RACHEL MARTIN, HOST:

Hey, tonight, if you need to reach me about between 9 and 10 P.M., don't even try. The phone will be off, email will go unchecked, doorbell ignored because tonight marks the end of Walter White's saga. He's the high school chemistry teacher turned meth kingpin on AMC's "Breaking Bad." And it is the last chance to see the moral equivocation Walt has mastered.

(SOUNDBITE OF TV SERIES, "BREAKING BAD")

BRYAN LEE CRANSTON: (as Walter White) What I do, I do for my family. My money goes to my children, not just this barrel - all of it. I'm going to take back what is mine and give it to my children and then, and only then, am I through.

MARTIN: OK. But for me, I am not through until Time magazine's James Poniewozik has posted his recap. He joined me for a kind of precap to his recap. And I asked him how this saga is like to end.

JAMES PONIEWOZIK: I think I'm looking more for a sense that his actions - everything that he's done over these years - have had some kind of consequences. And that he is somehow able to see them in a way beyond the sort of very narrowly, self-absorbed, self-justifying lens that he's used to do that.

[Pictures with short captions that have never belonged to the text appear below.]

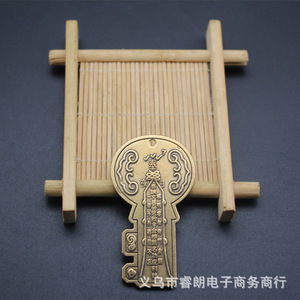 Porte-clés intelligent rétro en laiton, pendentif décoratif pour l'intérieur de voiture, cadeau personnalisé pour les occasions promotionnelles et festives - Product Image 2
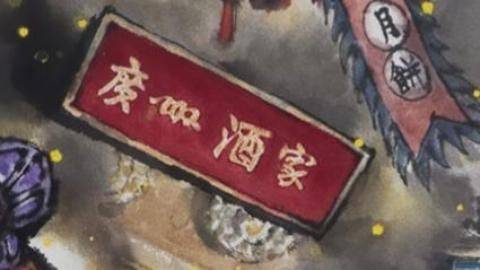 迈迪尚晓鸣随上海国资委课题组赴广州调研老字号
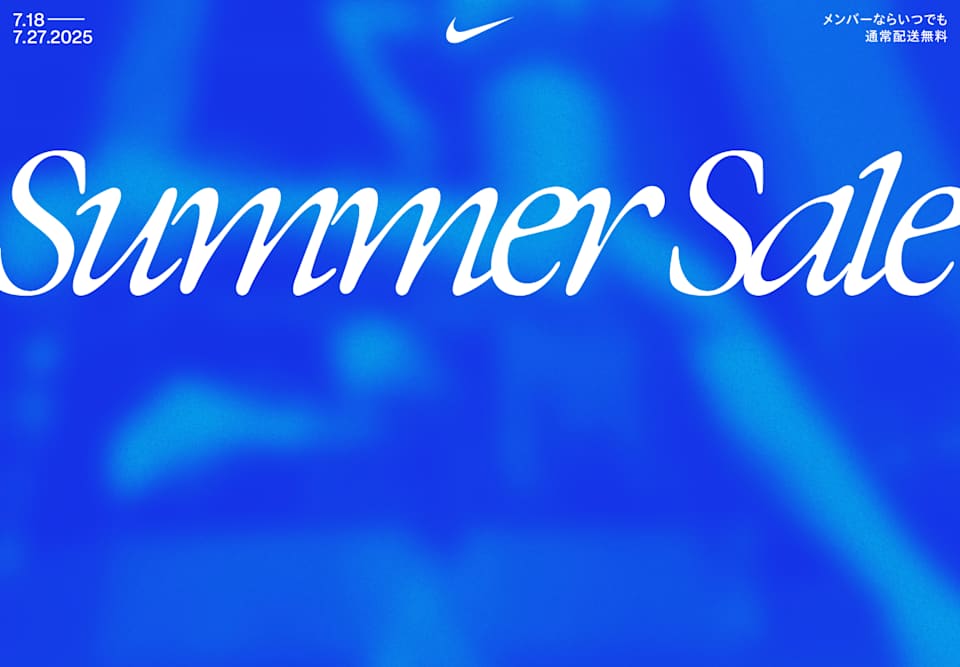 Nike. Just Do It. Nike.com (JP)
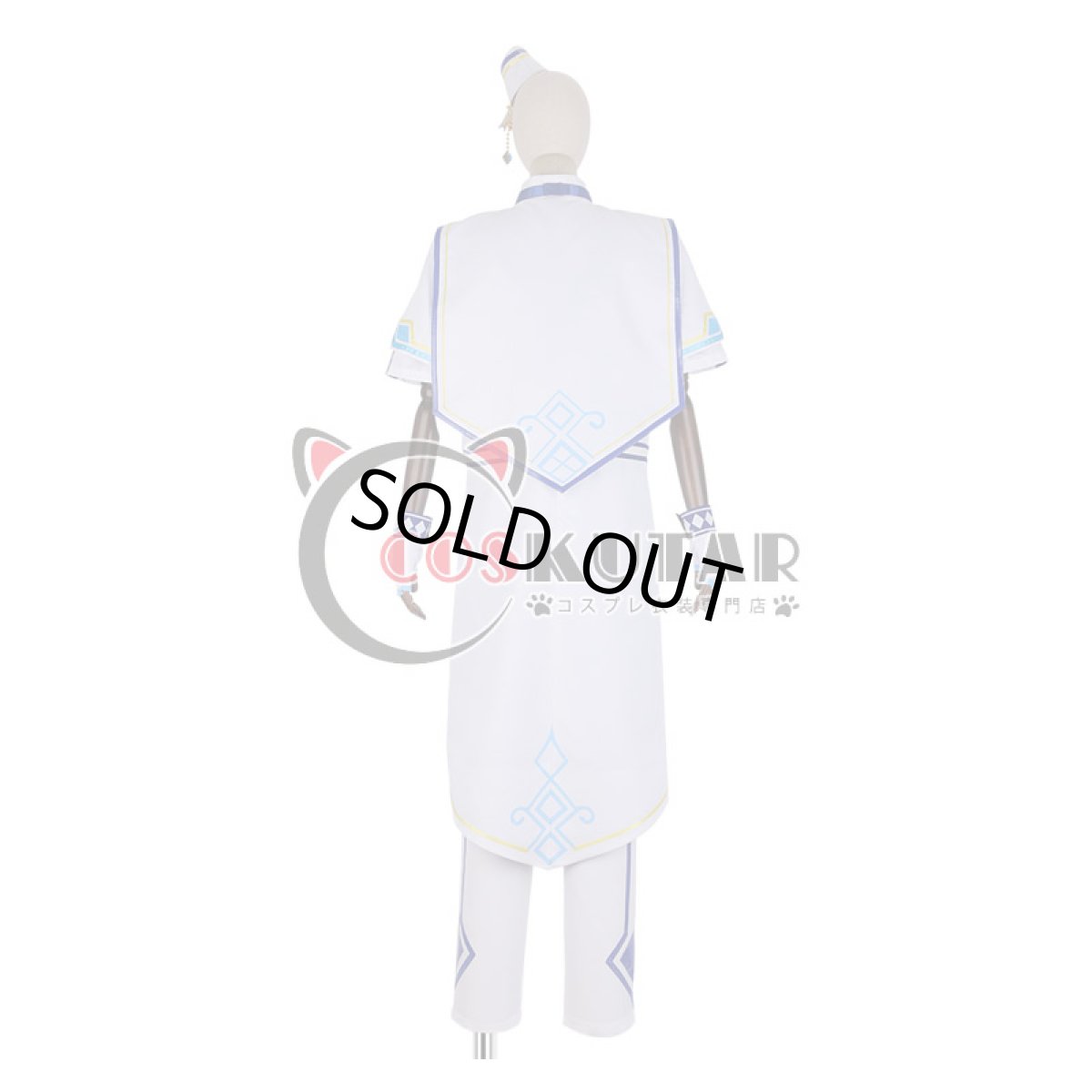 画像4: あんさんぶるスターズ! スカウト!ゴンドラ 青葉つむぎ コスプレ衣装 (4)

I think that that is one of the great things that "Breaking Bad" has done over the years, which is that it's taken a really exciting crime story and sort of played around with the way it's told it. And really show you in a way that these kinds of stories don't always; the larger consequences that these actions have beyond just the central characters that you're following.

MARTIN: So the big question that's been waged in comment threads on a lot of different websites is Walter White, A, a good man who did bad things or, B, just a very, very bad man? So have you made up your mind? Where do you come down?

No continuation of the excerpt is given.